BERLIN taz | Bei der Jagd auf Islamisten hat Nigerias Armee möglicherweise ein Massaker an Zivilisten angerichtet. Mindestens 185 Menschen sollen im Ort Baga getötet worden sein, als Soldaten zivile Wohnviertel stundenlang unter Maschinengewehrfeuer nahmen, berichten Nachrichtenagenturen. Die Truppe habe auf Raketenbeschuss durch Kämpfer der islamistischen Untergrundbewegung Boko Haram reagiert.

Stadtverwalter Lawan Kole sagte Medienberichten zufolge am Sonntag vor Provinzgouverneur Kashim Shettima, bis zum Nachmittag seien 185 Leichen geborgen worden, die meisten davon verbrannt.
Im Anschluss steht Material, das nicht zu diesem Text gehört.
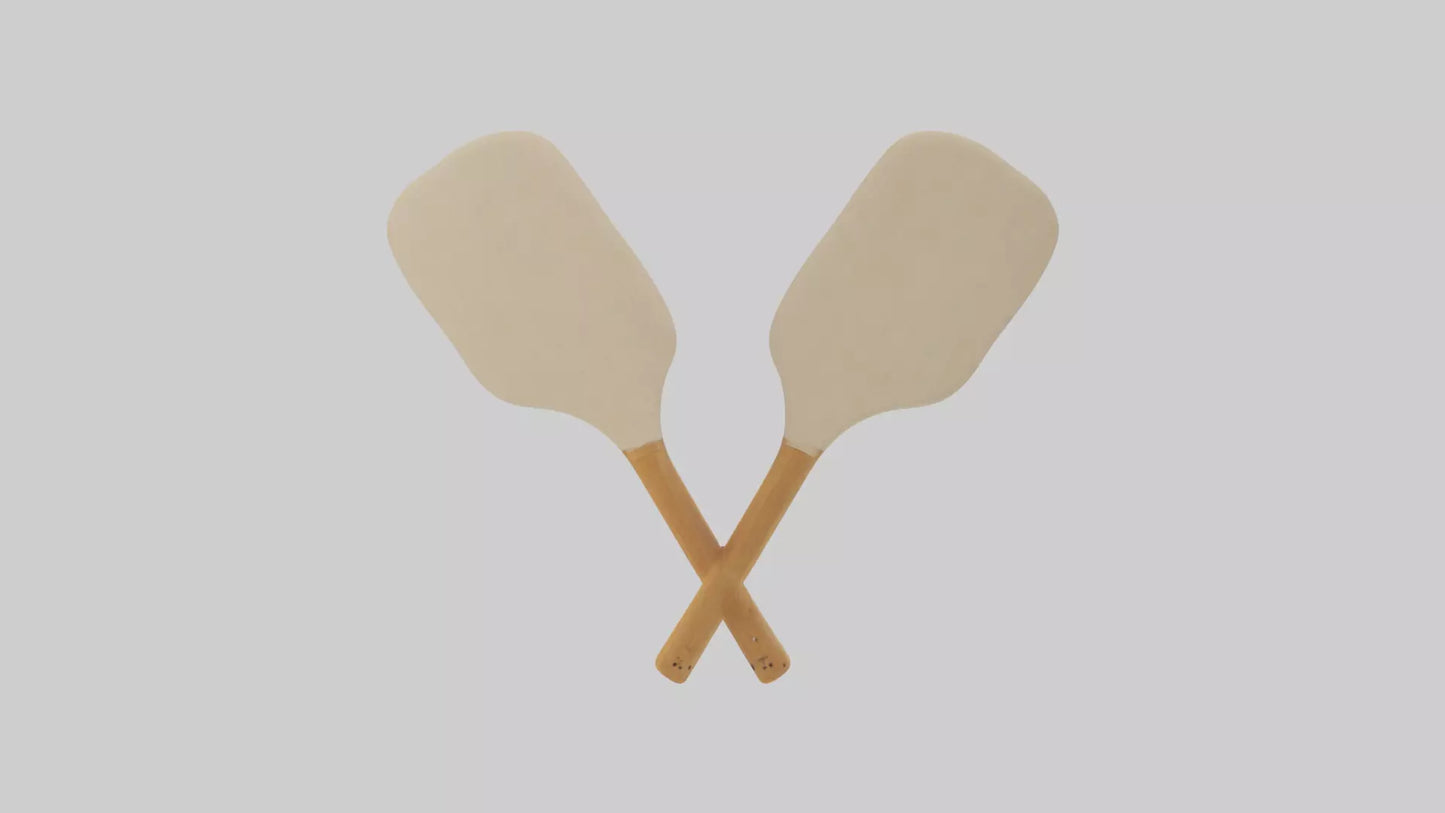 Cartoon Paddles model 3D model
Bei dem Treffen habe der kommandierende Brigadegeneral Austin Edokpaye gesagt, Islamisten hätten Zivilisten als menschliche Schutzschilde missbraucht – die Standardausrede nigerianischer Militärs, wenn sie Zivilisten umbringen.

Boko Haram („Westliche Bildung ist Sünde“) kämpft seit Jahren gegen Nigerias Regierung und ist vor allem in Nigerias nordöstlichstem Bundesstaat Borno stark. Sie hat viele Terroranschläge und Massaker verübt. Die Sondertruppe des Militärs zur Jagd auf Boko Haram geht ihrerseits nicht zimperlich mit mutmaßlichen Islamisten um.

Der genaue Hergang des Massakers bleibt unklar. In den Berichten vom Montag werden die Kämpfe auf vergangenen Freitagabend datiert. Rund 2.000 Häuser sowie der Markt sollen niedergebrannt worden sein. Laut einem Bericht der nigerianischen Tageszeitung Guardian vom Samstag geschah all dies bereits in der Nacht zum Mittwoch.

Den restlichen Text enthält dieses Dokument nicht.